In this tutorial we will compare the ERA5 reanalysis to CMIP6 model outputs. To do so, you will choose a model from your country for example.

Getting CMIP6 data can be a bit painful via the official [ESGF portal](https://esgf-node.llnl.gov/search/cmip6/). The easiest way is usually to use the data directly from a computing center. In this tutorial, we will use the [instake-esm](https://intake-esm.readthedocs.io/en/stable/) package that allow to directly load CMIP6 data with Python: https://intake-esm.readthedocs.io/en/stable/user-guide/cmip6-tutorial.html

This is made possible thanks to partnership with Google Cloud: [New climate model data now in Google Public Datasets](https://cloud.google.com/blog/products/data-analytics/new-climate-model-data-now-google-public-datasets). This is rather designed to work on [Pangeo-Cloud](https://pangeo.io/cloud.html) where the servers are directly connected to the data. However we can access it from anywhere with less performance. Note that intake can also be installed in your data center if data are already there.

## Import packages

In [None]:
# To reload external files automatically (ex: utils)
%load_ext autoreload
%autoreload 2

import xarray as xr
import dask
import intake
import pprint
import pandas as pd
import numpy as np
import calendar as cld
import matplotlib.pyplot as plt
import proplot as plot # New plot library (https://proplot.readthedocs.io/en/latest/)
plot.rc['savefig.dpi'] = 300 # 1200 is too big! #https://proplot.readthedocs.io/en/latest/basics.html#Creating-figures
from scipy import stats
import xesmf as xe # For regridding (https://xesmf.readthedocs.io/en/latest/)
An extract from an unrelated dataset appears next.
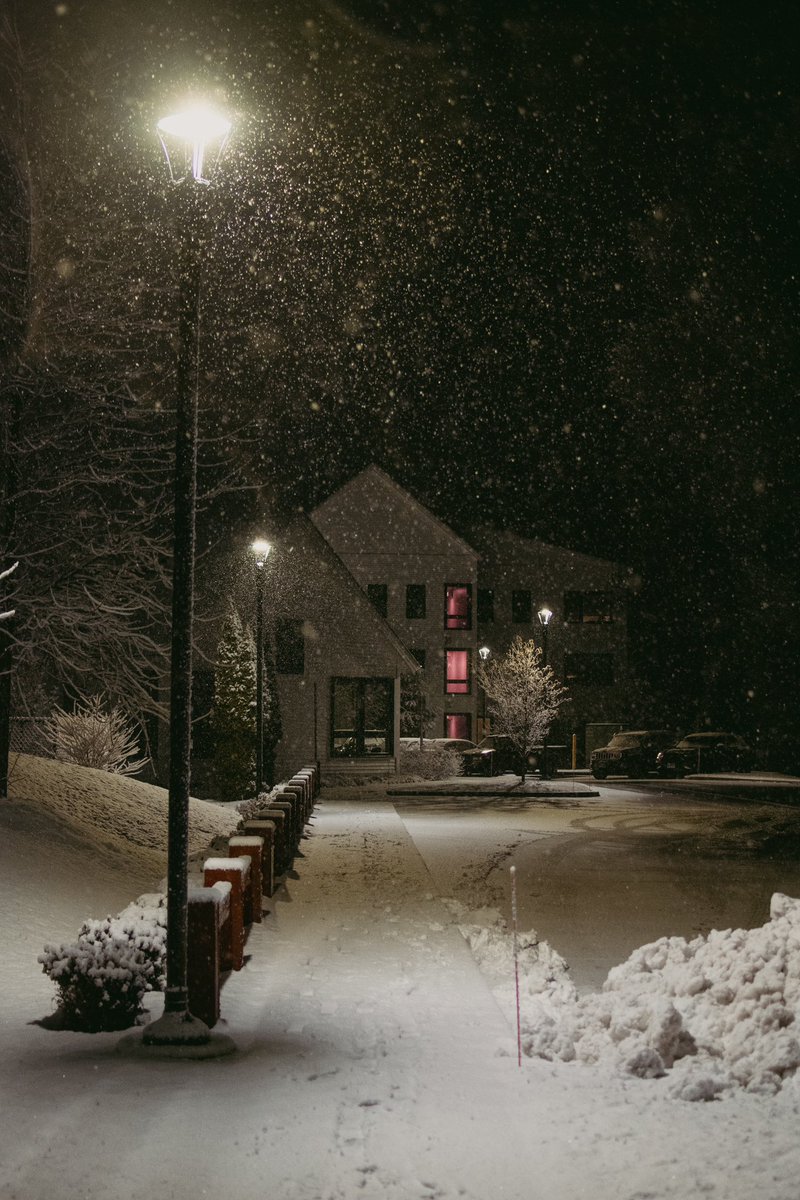 LoganRourke's tweet photo. Some pictures of the snow https://t.co/oIQRW41fQz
# Import some extra functions from utils folder
import sys
sys.path.insert(1, 'utils') # to include the util directory
import utils as u # my personal functions
u.check_python_version()
u.check_virtual_memory()

## Loading a catalog

In [None]:
url = "https://storage.googleapis.com/cmip6/pangeo-cmip6.json"
col = intake.open_esm_datastore(url)
col

## Catalog Contents

In [None]:
col.df.head()

## Finding unique entries

In [None]:
uni_dict = col.unique(["source_id", "experiment_id", "table_id"])
pprint.pprint(uni_dict, compact=True)

## Searching for specific datasets

In the example below, we are are going to search for the following:
- variables: `tas` which stands for near-surface (usually, 2 meter) air temperature ([IPCC Standard Output from Coupled Ocean-Atmosphere GCMs](https://pcmdi.llnl.gov/mips/cmip3/variableList.html))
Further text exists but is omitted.